#### Extracted entries:
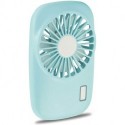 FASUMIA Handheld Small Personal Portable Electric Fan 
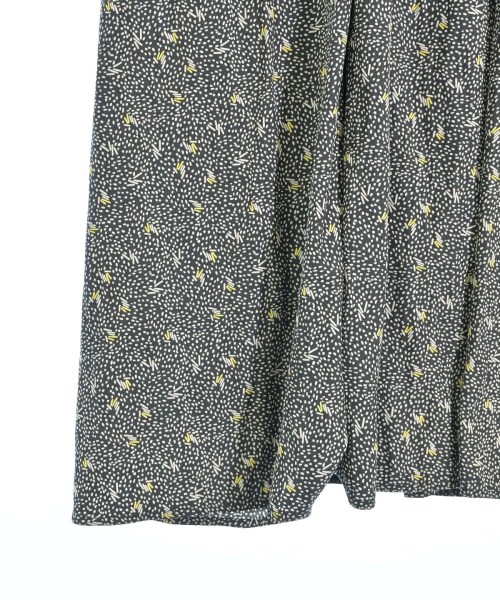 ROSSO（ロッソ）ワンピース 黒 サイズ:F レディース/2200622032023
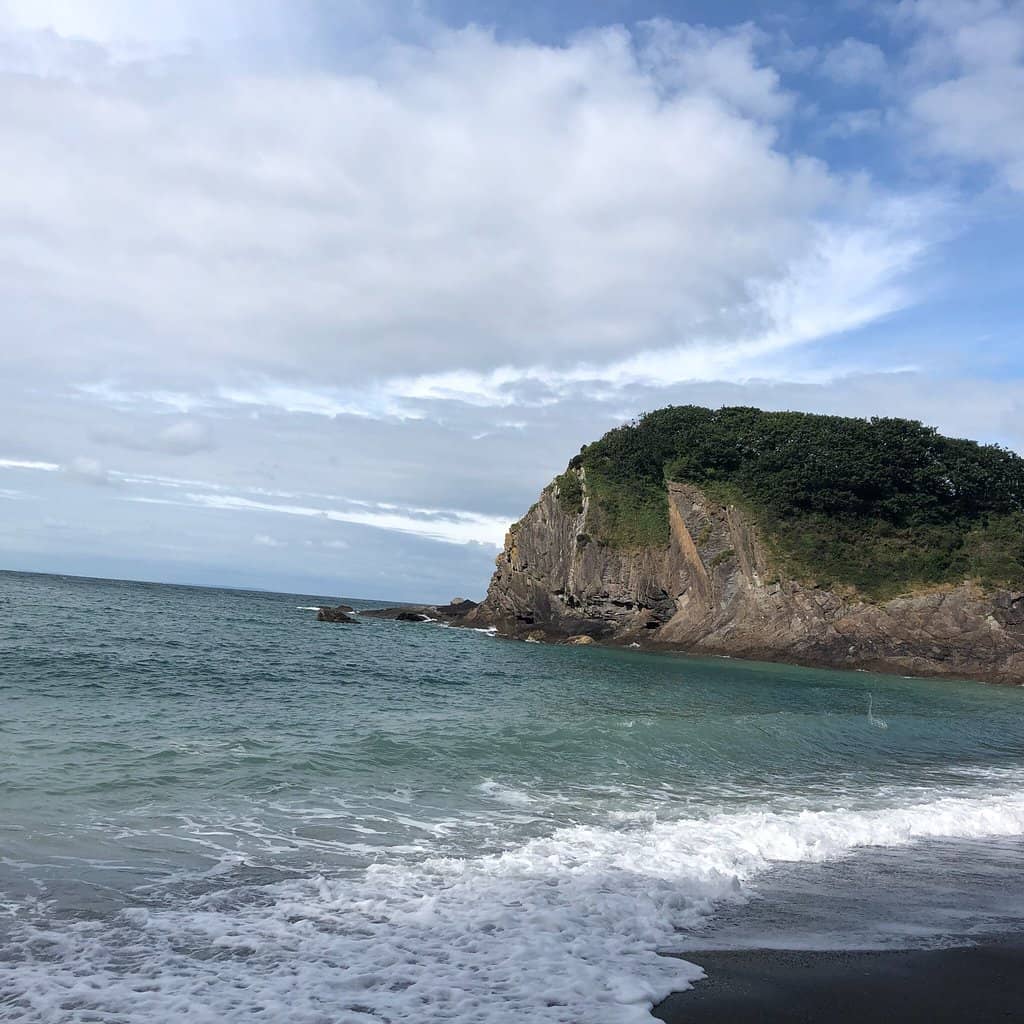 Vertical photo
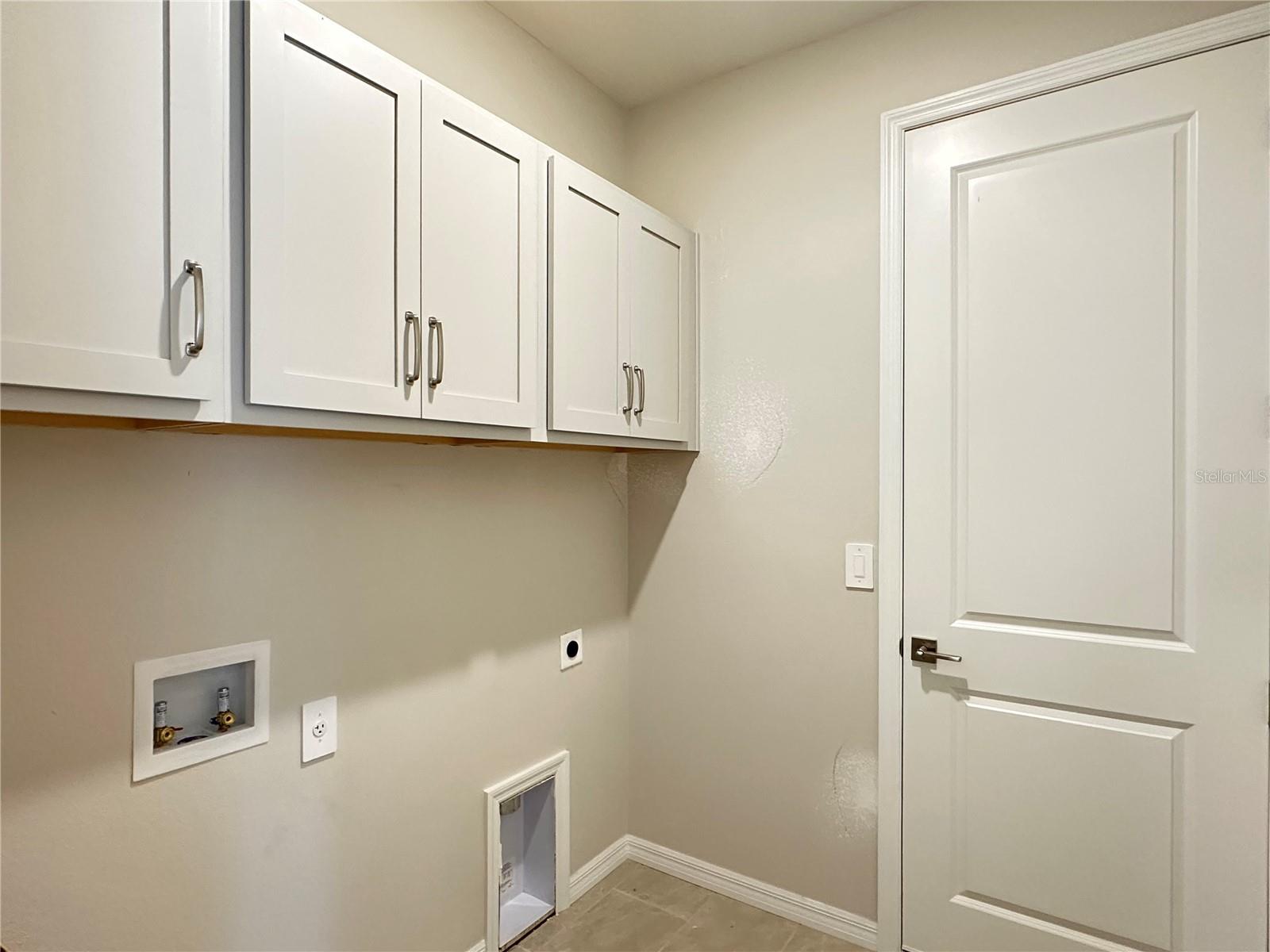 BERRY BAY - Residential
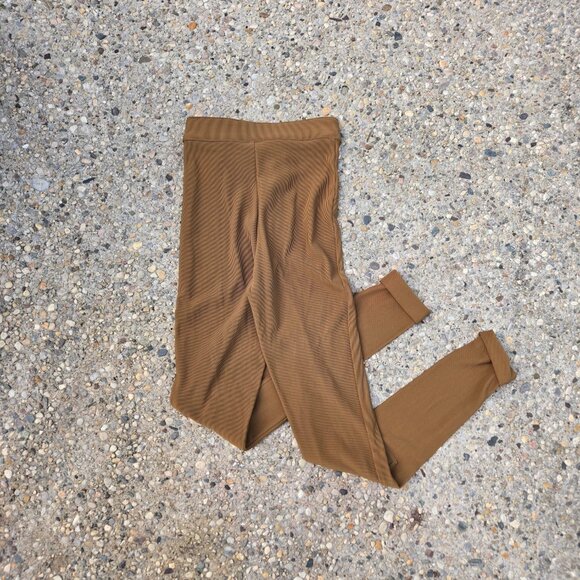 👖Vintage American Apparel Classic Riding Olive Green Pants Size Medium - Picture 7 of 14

#### Your assignment:
Return every entry above exactly. Pictures stay out.

#### Solution to this exercise:
 FASUMIA Handheld Small Personal Portable Electric Fan 
 ROSSO（ロッソ）ワンピース 黒 サイズ:F レディース/2200622032023
 Vertical photo
 BERRY BAY - Residential
 👖Vintage American Apparel Classic Riding Olive Green Pants Size Medium - Picture 7 of 14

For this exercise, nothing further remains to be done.